• _Exercise requirements_
Please copy, exactly as written, the span from the first line below to the line that contains "glenohumeral joint is", including both, and skip the pictures.

[Image-text web data]
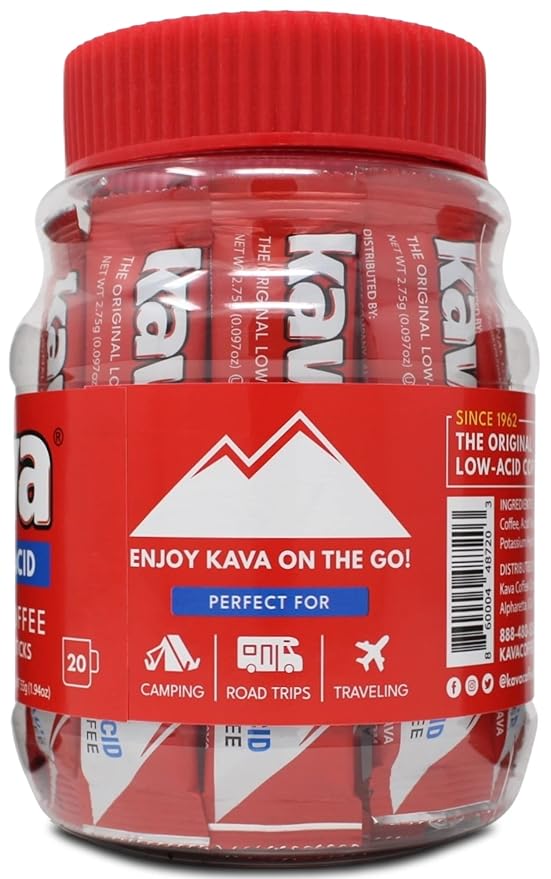 Kava Low Acid Instant Coffee Single Serve Stick Packets, 20 Count (Pack of 3)
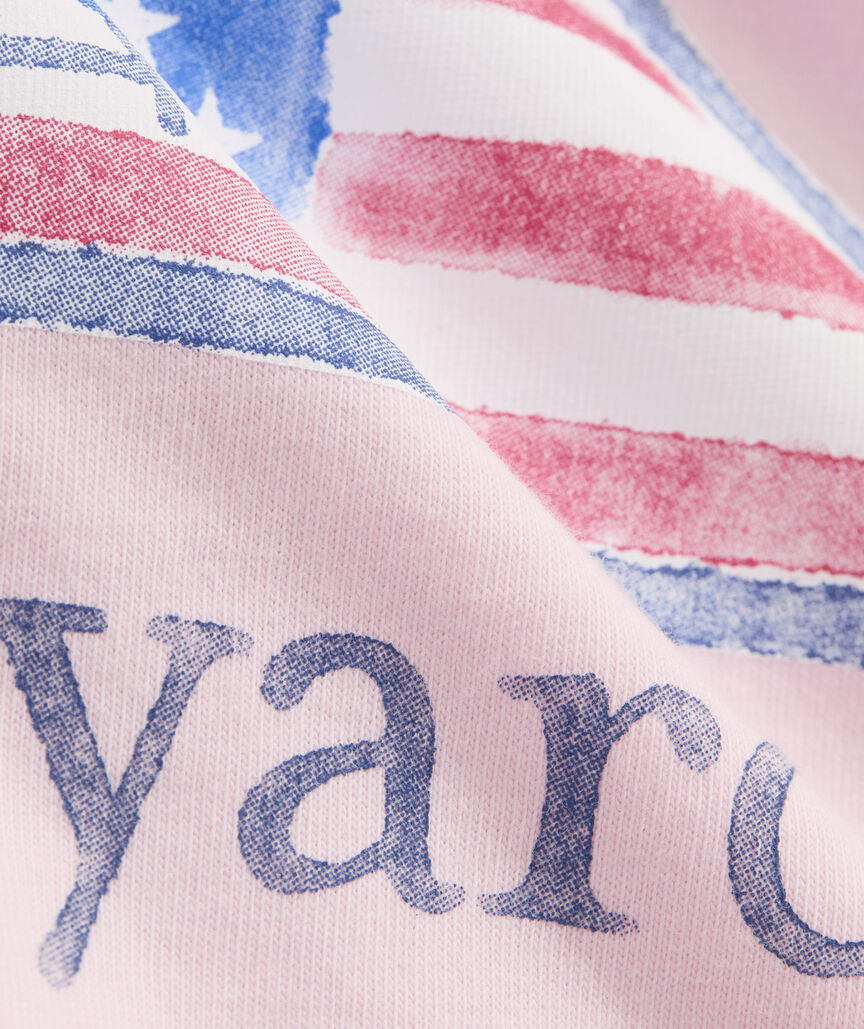 Girls' Water Color Flag Whale Short-Sleeve Pocket Tee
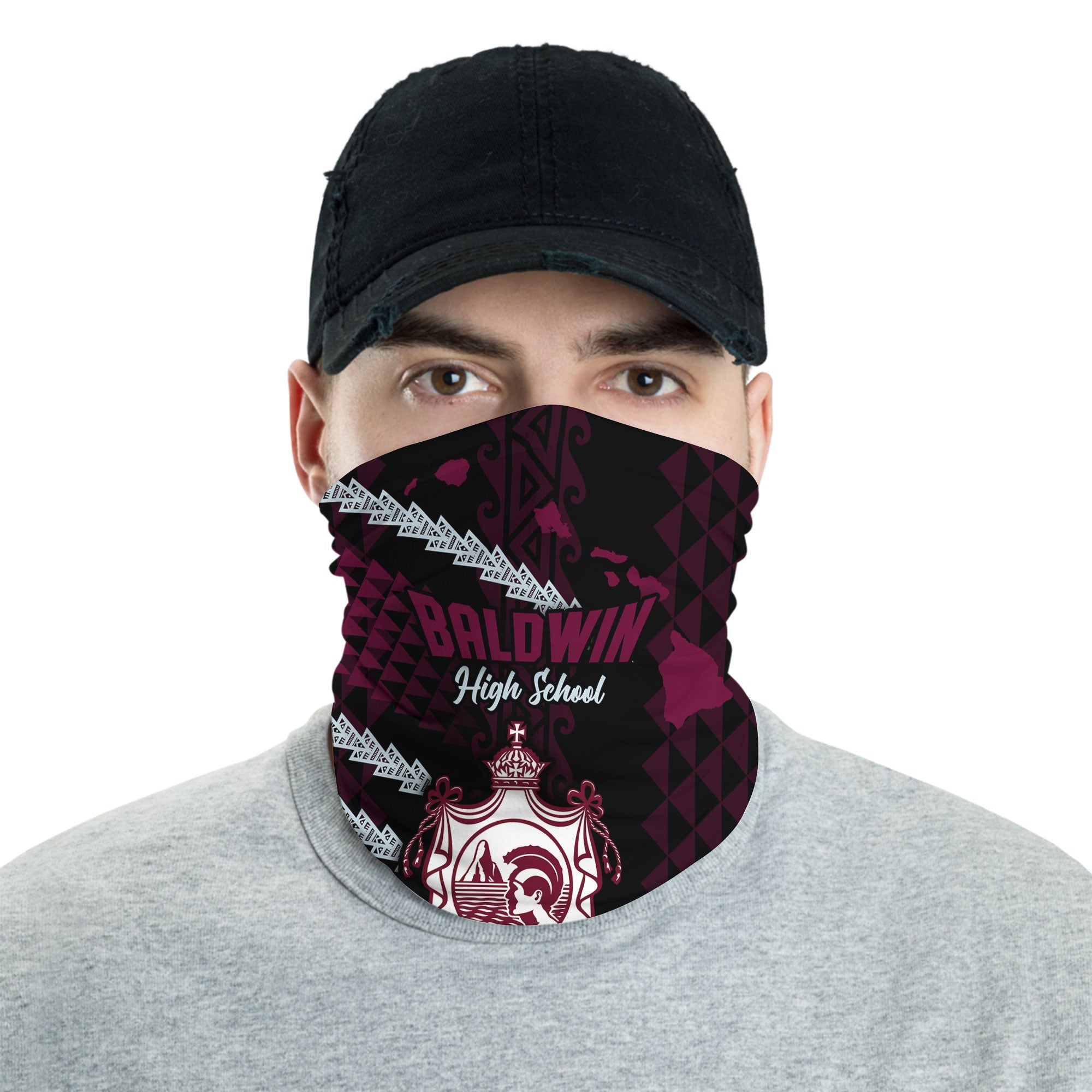 Hawaii Baldwin High School Neck Gaiter Map Style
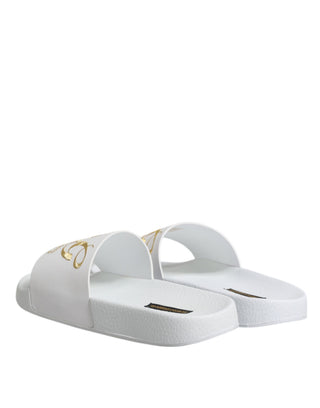Weiße Leder-Pantoletten, Sandalen, Strandschuhe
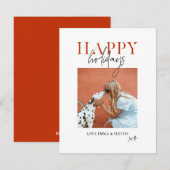 Moderne Retro Felle Kleuren Rood Oranje Hond Moede Feestdagenkaart (Voorkant / Achterkant)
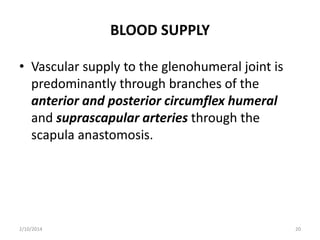 BLOOD SUPPLY
• Vascular supply to the glenohumeral joint is
predominantly through branches of the
anterior and posterior circumflex humeral
and suprascapular arteries through the
scapula anastomosis.

2/10/2014

20

 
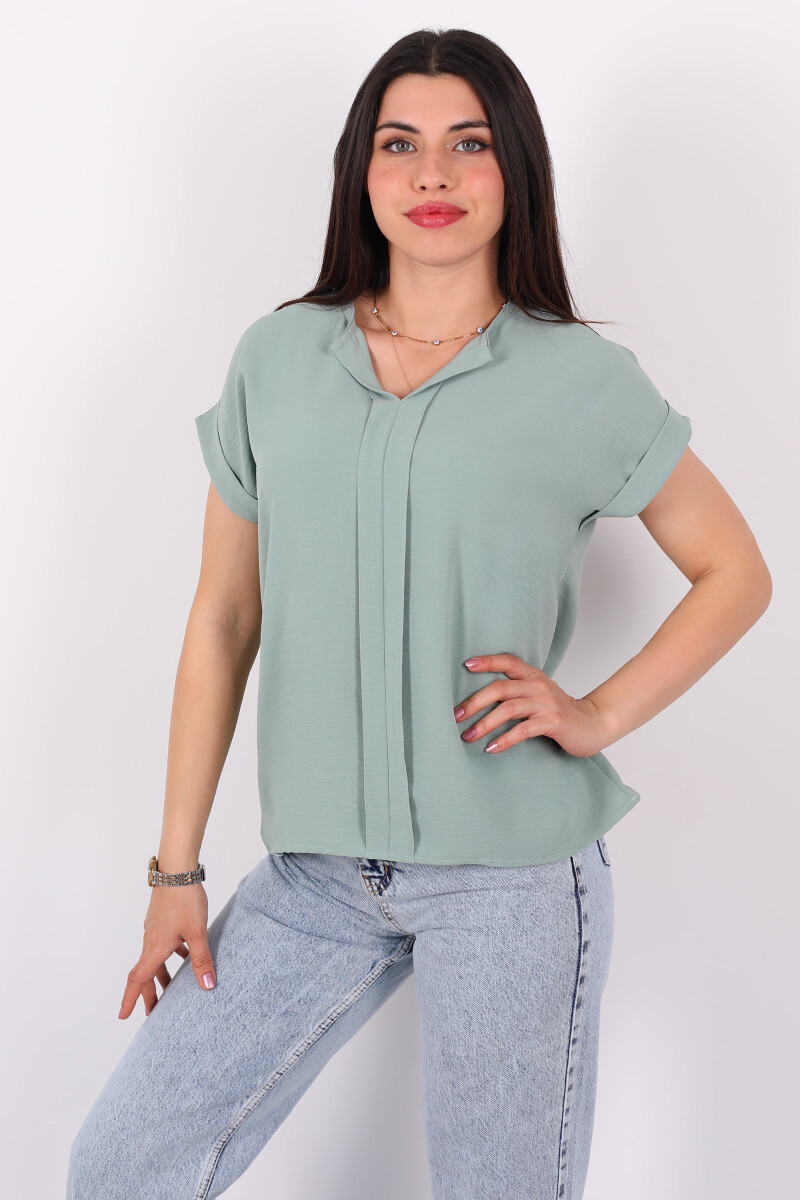 V Yaka Duble Kol Ayrobin Mint Yeşili Kadın Bluz - 3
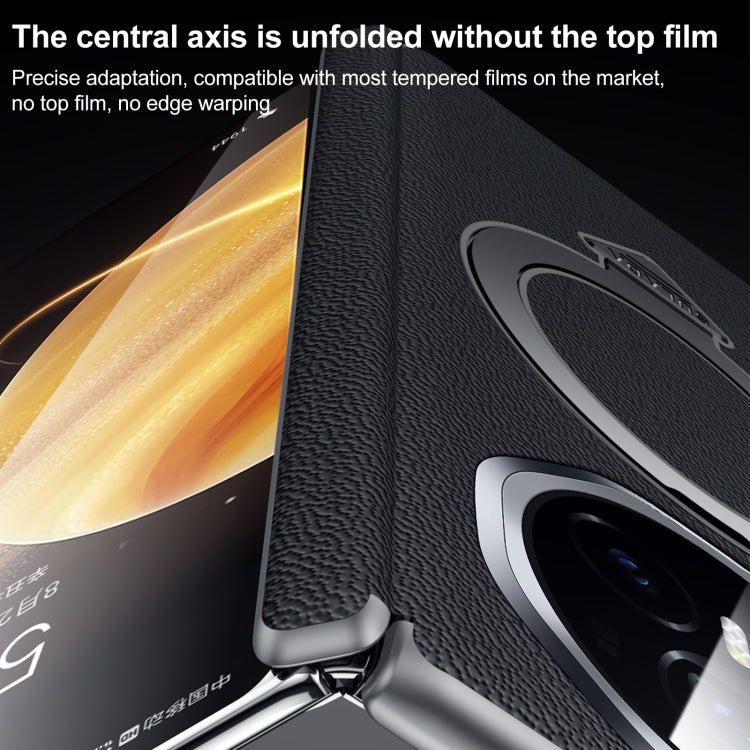 For Honor Magic V3 SULADA Top Grain Leather MagSafe Magnetic Holder Phone Case(Green) by SULADA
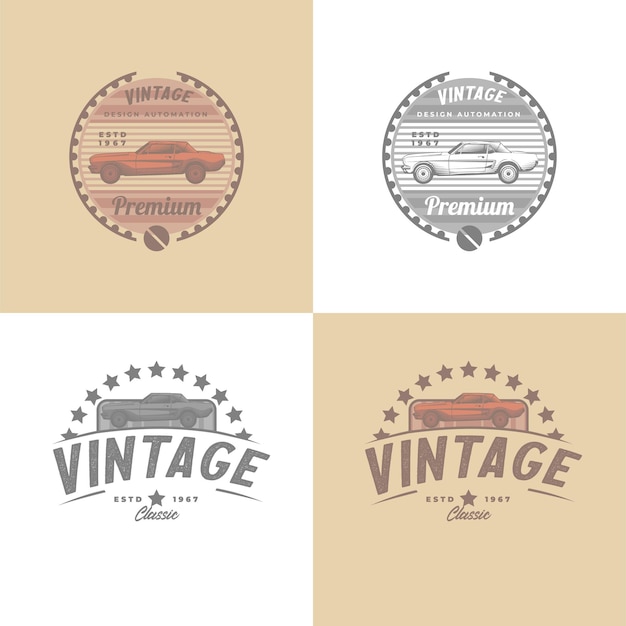 Mega-pack sammlung von vintage-transportschildern für autoservice-autoteile-logo-designvorlage
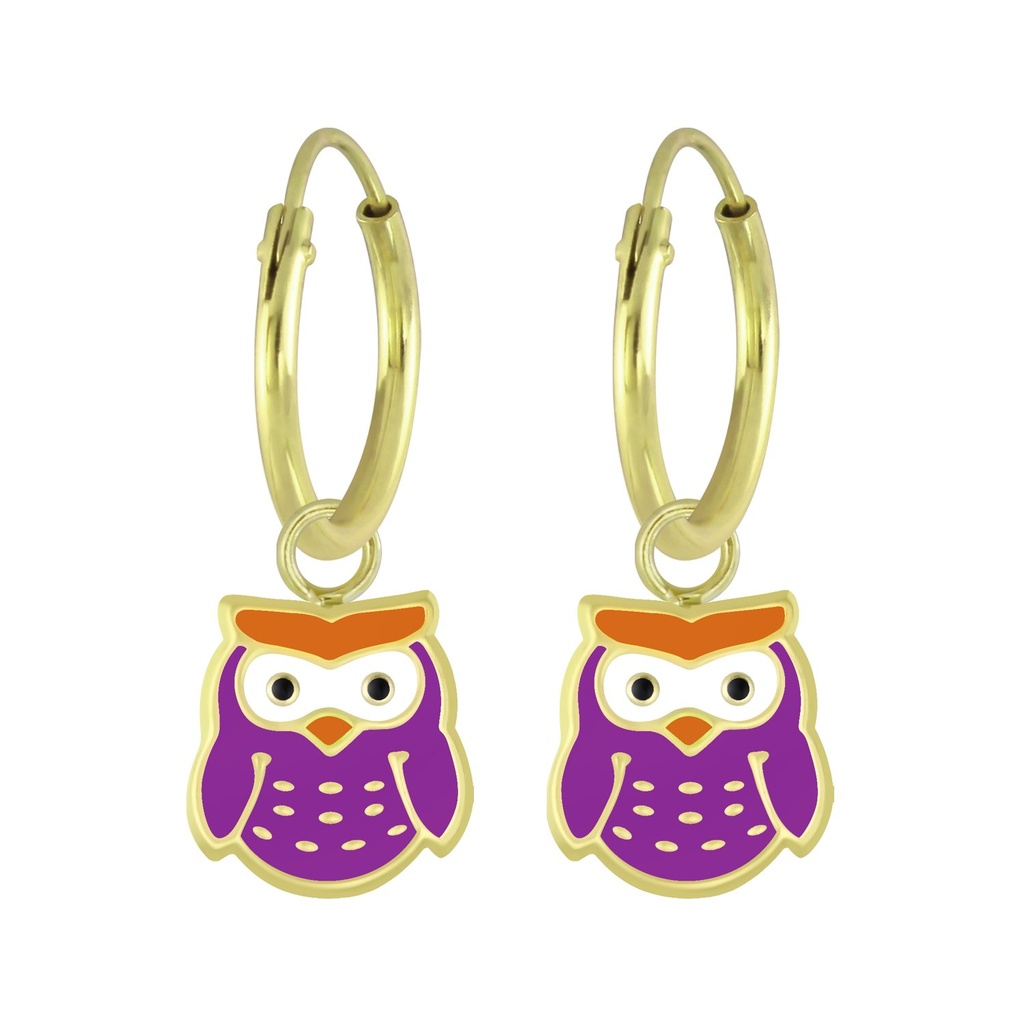Créoles breloque hibou en argent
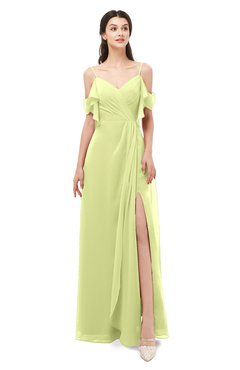 ColsBM Blair Lime Green Bridesmaid Dresses Spaghetti Zipper Simple A-line Ruching Short Sleeve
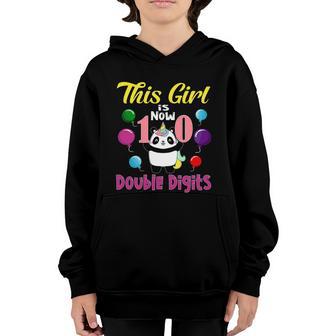 10Th Bday Party Gift 2010 This Girl Is Now 10 Double Digits Cute Gift Youth Hoodie - Thegiftio UK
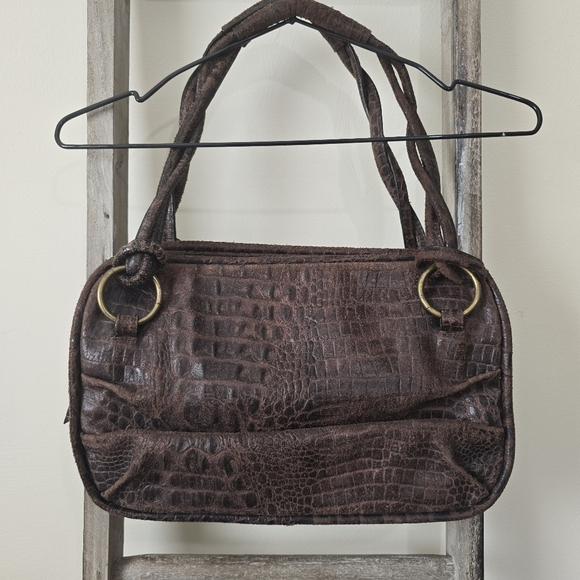 ⭐️40% Off⭐️ Donna Dixon Brown Crocodile Embossed Leather Shoulder Bag - Picture 3 of 16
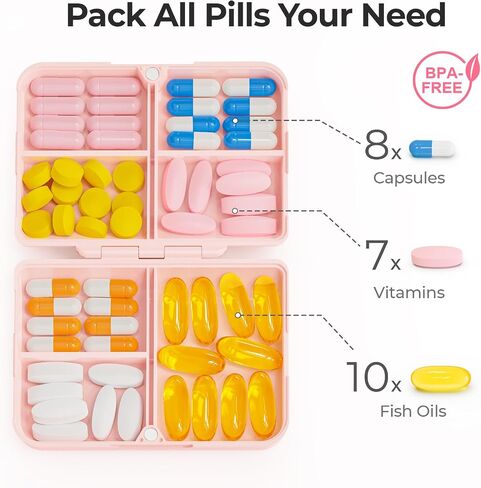 AUVON Travel Pill Organizer with Folding Design, 7 Compartments Daily Pill Case with Long-lasting Hinges, Portable Pill Box for Purse Pocket, Small Pill Container for Fish Oil, Vitamin (Pink) in Saudi Arabia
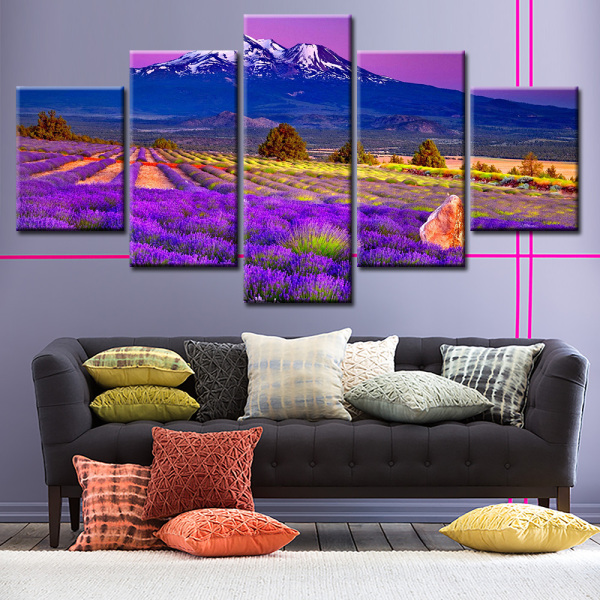Modern Frameless Canvas Snow Mountain Purple Lavender Beauty Print Wall Art Home Oil Painting Decoration 5 Living Room Pictures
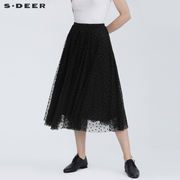 sdeer圣迪奥女装夏季半身裙高级感松紧网纱拼接印花长裙S21281143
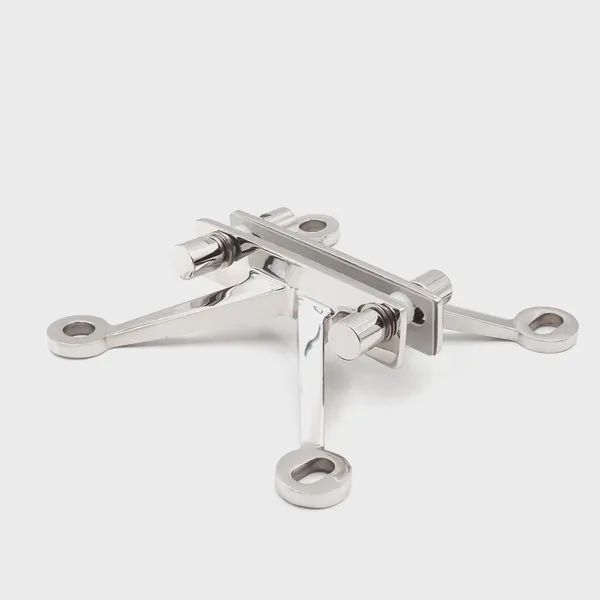 316 Stainless Steel Glass Spider Fitting 4 Way Arm Mirror Finish High Loading Capacity for Glass Curtain Wall photo-2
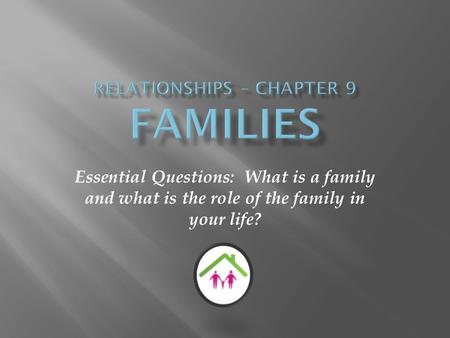 Essential Questions: What is a family and what is the role of the family in your life?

• _Answer for this exercise_
 Kava Low Acid Instant Coffee Single Serve Stick Packets, 20 Count (Pack of 3)
 Girls' Water Color Flag Whale Short-Sleeve Pocket Tee
 Hawaii Baldwin High School Neck Gaiter Map Style
Weiße Leder-Pantoletten, Sandalen, Strandschuhe
 Moderne Retro Felle Kleuren Rood Oranje Hond Moede Feestdagenkaart (Voorkant / Achterkant)
 BLOOD SUPPLY
• Vascular supply to the glenohumeral joint is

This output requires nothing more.